Much like finding your sleep spot for a good night’s rest, it is important to dial in your body’s best amount of time spent napping. Some studies suggest that naps as little as seven to 10 minutes boost alertness, but the most and best benefits come between 20 to 30 minutes. Experiment and find out what works best for you!
Alcohol is not a sleep aid
The tradition of the nightcap is well known in our culture, with the earliest introduction over some 200 odd years ago in folk medicine as a means to promote sleep. The name nightcap comes from the actual garment — a small hat used to keep you warm through the night, long before the advent of heating systems. The nighttime drink’s alcohol, like the actual nightcap, is meant to create a feeling of warmth.
Unfortunately, science has found the opposite to be true of alcoholic beverages before bed. While a small amount of alcohol may boost your body’s ability to fall asleep, the typical hard liquor drinks used as nightcaps contain too much alcohol for that to remain true. In fact, the opposite is much more the case: alcohol disrupts healthy sleep, leaving you missing out on hours you’ve spent in bed. Not to mention, your body grows accustomed to alcohol very quickly, meaning that with consistent use, you actually miss out on the positive effects.

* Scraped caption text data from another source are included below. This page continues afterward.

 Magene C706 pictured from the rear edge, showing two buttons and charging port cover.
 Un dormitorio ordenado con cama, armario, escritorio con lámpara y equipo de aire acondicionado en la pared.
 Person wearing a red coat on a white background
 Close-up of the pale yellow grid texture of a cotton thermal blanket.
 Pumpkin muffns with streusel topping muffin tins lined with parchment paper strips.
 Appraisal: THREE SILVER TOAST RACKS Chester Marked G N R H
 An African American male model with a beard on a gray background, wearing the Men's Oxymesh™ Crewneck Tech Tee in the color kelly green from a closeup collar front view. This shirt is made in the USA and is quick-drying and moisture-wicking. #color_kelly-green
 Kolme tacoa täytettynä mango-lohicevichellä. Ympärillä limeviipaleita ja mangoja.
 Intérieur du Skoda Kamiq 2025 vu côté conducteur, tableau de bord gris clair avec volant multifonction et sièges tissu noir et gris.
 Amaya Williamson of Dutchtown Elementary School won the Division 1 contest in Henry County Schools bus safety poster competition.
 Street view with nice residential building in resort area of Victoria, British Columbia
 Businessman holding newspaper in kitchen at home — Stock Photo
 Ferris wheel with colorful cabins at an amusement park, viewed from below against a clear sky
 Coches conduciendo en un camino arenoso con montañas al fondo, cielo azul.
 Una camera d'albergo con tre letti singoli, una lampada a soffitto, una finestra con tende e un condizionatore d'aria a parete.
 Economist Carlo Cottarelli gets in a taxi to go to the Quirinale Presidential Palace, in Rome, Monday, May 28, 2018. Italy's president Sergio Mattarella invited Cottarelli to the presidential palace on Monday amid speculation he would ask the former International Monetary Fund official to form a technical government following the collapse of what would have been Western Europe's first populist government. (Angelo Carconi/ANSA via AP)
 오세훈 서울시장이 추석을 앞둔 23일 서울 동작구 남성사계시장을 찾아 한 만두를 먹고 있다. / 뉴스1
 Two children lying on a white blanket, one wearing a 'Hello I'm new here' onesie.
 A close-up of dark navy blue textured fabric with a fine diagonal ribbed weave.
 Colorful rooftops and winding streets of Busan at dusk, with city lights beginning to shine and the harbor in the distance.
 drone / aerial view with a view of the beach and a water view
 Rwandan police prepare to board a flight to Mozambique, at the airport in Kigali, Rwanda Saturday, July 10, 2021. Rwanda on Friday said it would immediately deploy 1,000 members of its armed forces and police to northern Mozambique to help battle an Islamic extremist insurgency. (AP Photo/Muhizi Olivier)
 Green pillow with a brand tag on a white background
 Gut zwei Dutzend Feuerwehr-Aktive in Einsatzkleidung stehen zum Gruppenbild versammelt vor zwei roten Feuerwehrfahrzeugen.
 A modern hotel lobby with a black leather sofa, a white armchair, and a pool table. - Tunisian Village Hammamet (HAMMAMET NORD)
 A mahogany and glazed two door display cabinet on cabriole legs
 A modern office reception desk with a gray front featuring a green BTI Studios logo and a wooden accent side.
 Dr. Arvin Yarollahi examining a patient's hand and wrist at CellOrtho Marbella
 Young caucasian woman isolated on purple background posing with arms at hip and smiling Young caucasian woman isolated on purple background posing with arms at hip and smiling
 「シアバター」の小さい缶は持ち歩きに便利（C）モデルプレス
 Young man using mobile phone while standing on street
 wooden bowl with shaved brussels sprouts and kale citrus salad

Getting to sleep when you can’t
Struggling to get some shut-eye even though you’re desperate to get some rest for that big meeting tomorrow? Lying in bed for a half hour, tossing and turning, trying (and failing) to get to sleep isn’t going to do the trick. Instead, get out of bed and try reading, or another relaxing activity.
Be mindful not to turn to your devices when this happens — the blue light is disruptive to sleep, and you may find it even more difficult to fall asleep after an extended period of staring at a screen. Stick to quiet activities that invite some drowsiness.
Know your body
In the end, improving your sleep routine is down to knowing and listening to your body. If you’re feeling some afternoon drowsiness, try pushing your bedtime back a half hour, or playing with your exercise schedule. It can be tricky, but the long term health benefits of consistent, restful sleep are too great to ignore.